What Percentage of Third Party Content is Cacheable?

#1

When we talk about cacheability of web content, often times the discussion is around content that site operators have control over (ie, first party content). But what about third party content? How much of that is cacheable? I was chatting with @yoav about this on Friday, since it could be useful to understanding the benefits of signed exchanges on accelerating third party content. Is it worth delivering cross origin resources on a site’s HTTP/2 connection, avoiding the need to establish a new connection and eliminate bandwidth contention between 3rd party resources and 1st party ones? In order to answer that we need to understand how many third party resources are delivered without credentials, and therefore can be signed.
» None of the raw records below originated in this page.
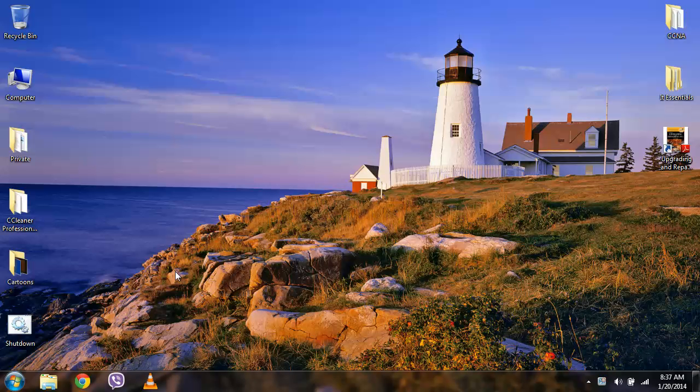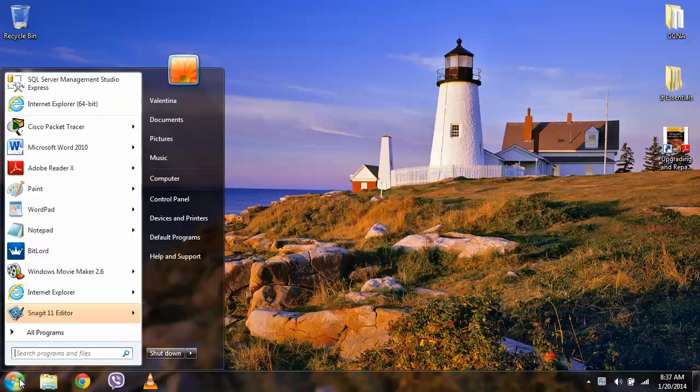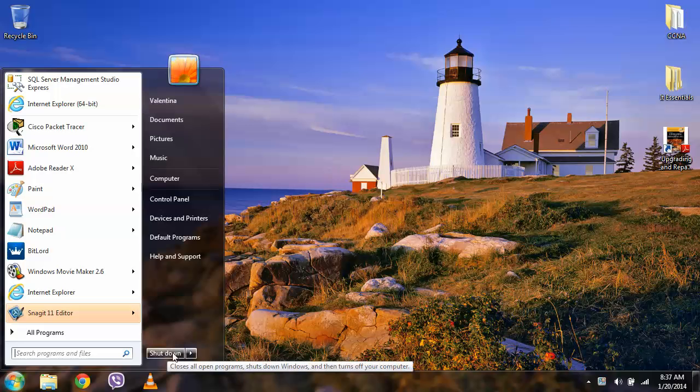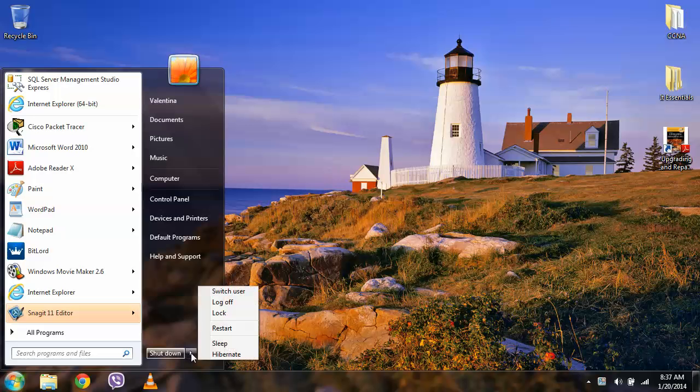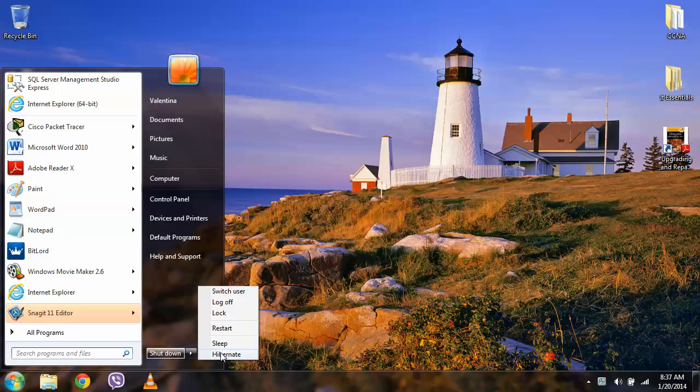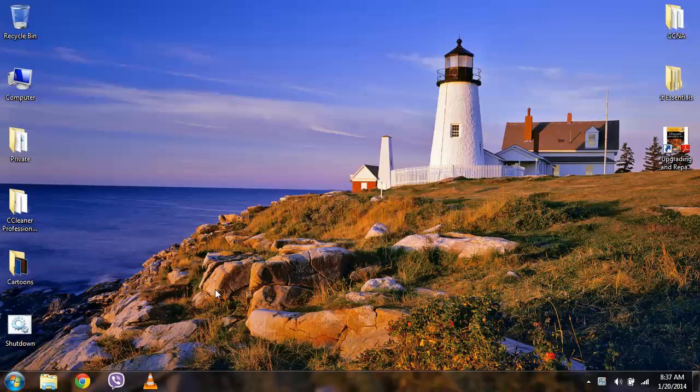The second way is by clicking start menu button and then we find shutdown button here. If we don't find it here then we just click the button on the right of it and it must be listed over here. We click on it and that's all.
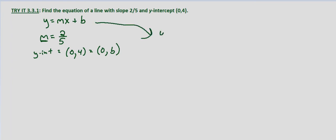So y equals m is two-fifths, x plus b is four.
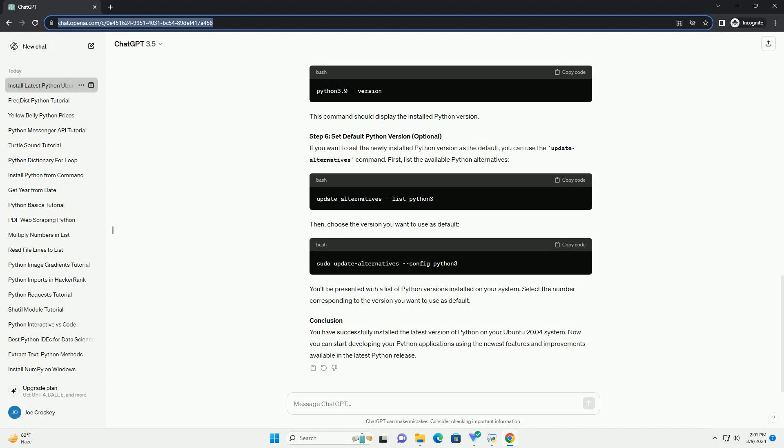Step 1: Update Package Lists. Before installing anything new, it's a good idea to ensure that your system's package lists are up-to-date. Open a terminal and execute the following command. This will refresh the list of available packages from the repositories.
We will use the resource’s public cacheability as a proxy for that, and try to understand how common such third party resources are.
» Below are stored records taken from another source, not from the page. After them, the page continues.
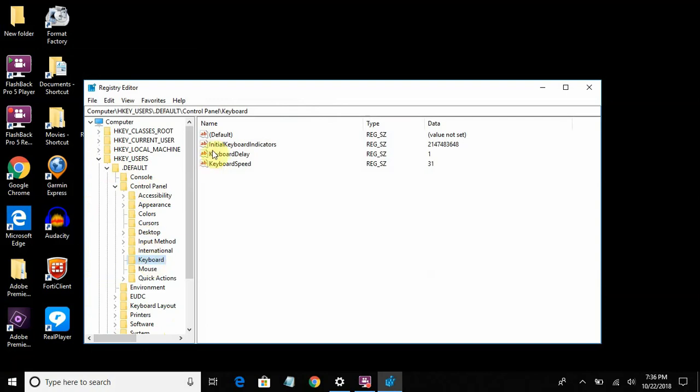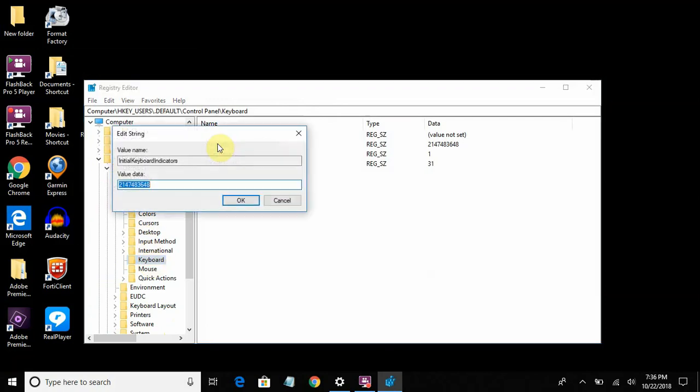We're going to look for Initial Keyboard Indicators. Just double click on it, and if there's a 1 or a 0 there or something else, change it to a 2.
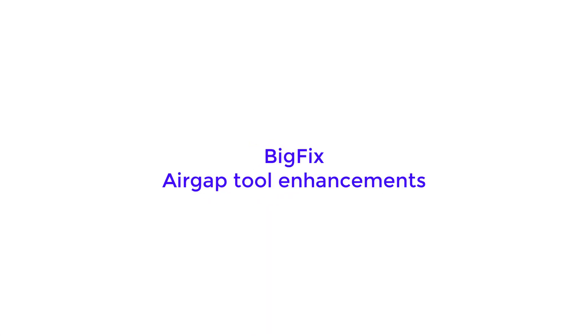In this video, you will learn about the enhancements to the air-gap tool introduced with BigFix version 9.5 patch 5.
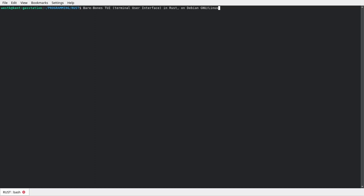Welcome to Bare Bones Terminal User Interface in Rust on Debian GNU Linux. This is just a little fun exercise in using terminal graphics from Rust.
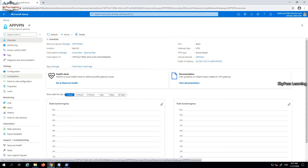Let's continue from the previous video — the link is in the description box along with the entire playlist. We have created our App VPN as a virtual network gateway, and now that it's deployed, we have to configure the settings.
The concept of serving signed third party resources over the same connection as the main content is described in some more detail here.

In order to query the HTTP Archive for this, we need to:

  • Identify which resources are served from 3rd parties
  • Determine which resources are considered cacheable.

Identifying 3rd Party Content
@igrigorik shared a technique in his post about the distribution of 1st vs 3rd party resources. . I’ve used it for another analysis, and we’ll use it again here.

Identifying Cacheable Content
Examining the Cache-Control response headers, we should be able to filter out resources that are not publicly cacheable or require immediate revalidation. This would include Cache-Control headers that have 1 or more of the following directives:

  • no-store
  • no-cache
  • max-age=0
  • s-max-age=0
  • must-revalidate
  • private

The query for this is below, and based on it we can see that 30% of 3rd party requests are considered to be non-cacheable or cached with the private directive.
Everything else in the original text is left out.